Distributed transaction management is a key architectural consideration that needs to be addressed whenever
you are proposing a microservices deployment model to a customer. For developers from the monolithic
relational database world, it is not an easy idea to grasp. In a monolithic application with a relational
data store, transactions are ACID (atomic, consistent, isolated, and durable) in nature and follow a simple
pessimistic control for data consistency. Distributed transactions are always guided by a two-phase commit
protocol, where first all the changes are temporarily applied and then committed to, or rolled back,
depending on whether or not all the transactions were successful or there was any error. You could easily
write queries that fetched data from different relational sources and the distributed transaction coordinator
model supported transaction control across disparate relational data sources.
In today’s world, however, the focus is on modular, self-contained APIs. To make these services self-contained
and aligned with the microservices deployment paradigm, the data is also self-contained within the module,
loosely coupled from other APIs. Encapsulating the data allows the services to grow independently, but a major
problem is dealing with keeping data consistent across the services. If every service has its own database,
then distributed transaction is not an option.
A microservices architecture promotes availability over consistency, hence leveraging a distributed transaction
coordinator with a two-phase commit protocol is usually not an option. It gets even more complicated with the
idea that these loosely-coupled data repositories might not necessarily all be relational stores and could be a
polyglot with a mix of relational and NoSQL data stores. The idea of having an immediately consistent state
is difficult. What you should look forward to, however, is an architecture that promotes eventual consistency
like CQRS and Event Sourcing. An event driven architecture can support a BASE (basic availability,
soft-state, and eventual consistency) transaction model. This is a great technique to solve the problem of
handling transactions across services and customers can be convinced to negotiate the contract towards a BASE
model since usually transactional consistency across functional boundaries is mostly about frequent change of
states, and consistency rules can be relaxed to let the final state be eventually visible to the consumers.
Distributed data management problems in a microservice architecture:
In a microservice system, normally each service has its own database. Some business transactions, however, span multiple services so you need a mechanism to ensure data consistency across services. For example, let’s imagine that you are building an e-commerce store where customers have a credit limit. The application must ensure that a new order will not exceed the customer’s credit limit. Since Orders and Customers are in different databases the application cannot simply use a local ACID transaction.
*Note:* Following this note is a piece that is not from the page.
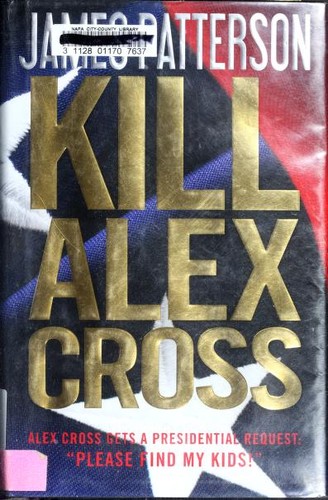 James Patterson: Kill Alex Cross (2012, Little, Brown and Company)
A good way to solve these distributed data management challenges is by using an event-driven
architecture. In an event-driven application services publish and consume events. A service
publishes an event whenever it changes the state of an entity. Another service can subscribe
to that event and update its own entities and possibly publish other events. You can implement
a business transaction that updates multiple entities as a series of steps, each of which
updates one entity and publishes an event that triggers the next step. Also, a service can
maintain the consistency of a replica by subscribing to the events that are published when
the master copy is updated.
One essential requirement in an EDA is the ability to automatically update state and publish events. In a traditional application the database stores the state and the message broker could participate in a distributed transaction. But the lack of 2PC in a cloud native world makes this a challenging problem to solve.
A good solution to this problem is to use event sourcing. Event sourcing persists the state of
a business entity as a sequence of state-changing events. Whenever the state of a business entity
changes, a new event is appended to the list of events. Since saving an event is a single
operation, it is inherently atomic. The application reconstructs an entity’s current state by
replaying the events.
Applications save events in an event store, which is a database of events. The store has an API
for adding and retrieving an entity’s events. The event store also behaves like a message broker.
It provides an API that enables services to subscribe to events. When a service saves an event
in the event store, it is delivered to all interested subscribers.
When building services with Light, you can use request/response approach
like Rest, GraphQL or Hybrid to serve consumers. For service to service
communication, you have two options. One is synchronous request/response over HTTP.
This requires all involved services to be responsive and highly available.
There is another way to handle interaction between services - asynchronous event driven.
light-eventuate-4j is not only an event driven framework, it supports Event Sourcing and
CQRS to ensure data consistency between services.
If you are a developer to build services, then you don’t need to clone the source code
of light-eventuate-4j. You can start all the services through a docker-compose.